Destination Londres ou plus exactement Bow Creek, à l'entrée de la rivière Lea. On nous avait dit: "C'est un petit appontement perdu mais tranquille avec des cygnes pour vous tenir compagnie". C'était, en fait, un tout petit trou, not always afloat, car à basse mer les cygnes se promenaient sur la vase le long du navire.

Le réceptionnaire avait d'ailleurs pris la précaution de nous confirmer par télex que notre draft maxi devait se limiter à vingt pieds six, fresh water. Ce n'était pas une clause de style, car lorsque nous dûmes nous résigner à aller à quai le dimanche soir, il n'y avait plus tout à fait assez d'eau à la pleine mer, et il fallut brutaliser le bateau pour qu'il consente à se glisser jusqu'au berth final. Pourtant la hauteur d'eau à pleine mer était encore de six mètres dix.

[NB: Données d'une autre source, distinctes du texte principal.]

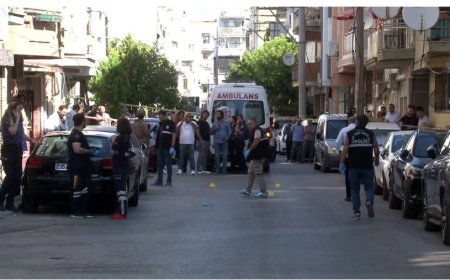 İzmir'de karakola silahlı saldırı: 2 şehit, 2 yaralı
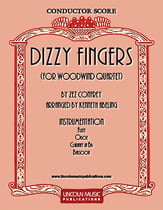 Dizzy Fingers P.O.D. cover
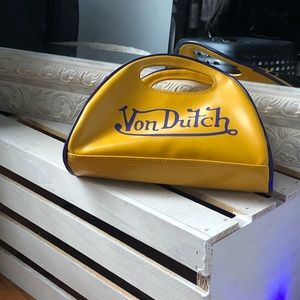 von dutch bag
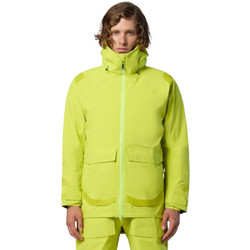 North Sails Ανδρικό Μπουφάν Χειμωνιάτικο Softshell Αδιάβροχο Lime 27M045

Nous avions auparavant cherché toutes les solutions et j'avais fait la mauvaise tête toute une matinée, refusant de quitter la Tamise. Pour me convaincre ou me rassurer, l'agent avait sorti du Lloyd le nom de deux bateaux de 3000 tonnes qui avaient déjà accosté à Bow Creek; cela eut plutôt l'effet contraire car c'étaient des Grecs de vingt ans d'âge, et les habitués du coin faisaient tout au plus 1 000 à 1 200 tonnes.

En fin de compte, "le petit dernier", qui paraissait tout de même un bon gros, encore plus ventru que d'habitude, est allé sagement se poser sur une vase que nous souhaitons very soft.

Les Anglais et les grues du quai n'en avaient jamais tant vu ; celles-ci, malgré tous leurs efforts, n'arrivèrent qu'au milieu de la coursive, et il fallut leur amener les fers à mi-chemin par les moyens du bord. Quant aux premiers, ils nous présentèrent un visage inhabituel de gens étonnés et curieux.

Durant quatre jours, nous eûmes ainsi le spectacle insolite de l' "Atlas" planté bien droit dans la vase, avec tout de même un peu d'eau qui lui arrivait presque à ses quilles à roulis: 1 m 20 devant. 1 m 40 derrière.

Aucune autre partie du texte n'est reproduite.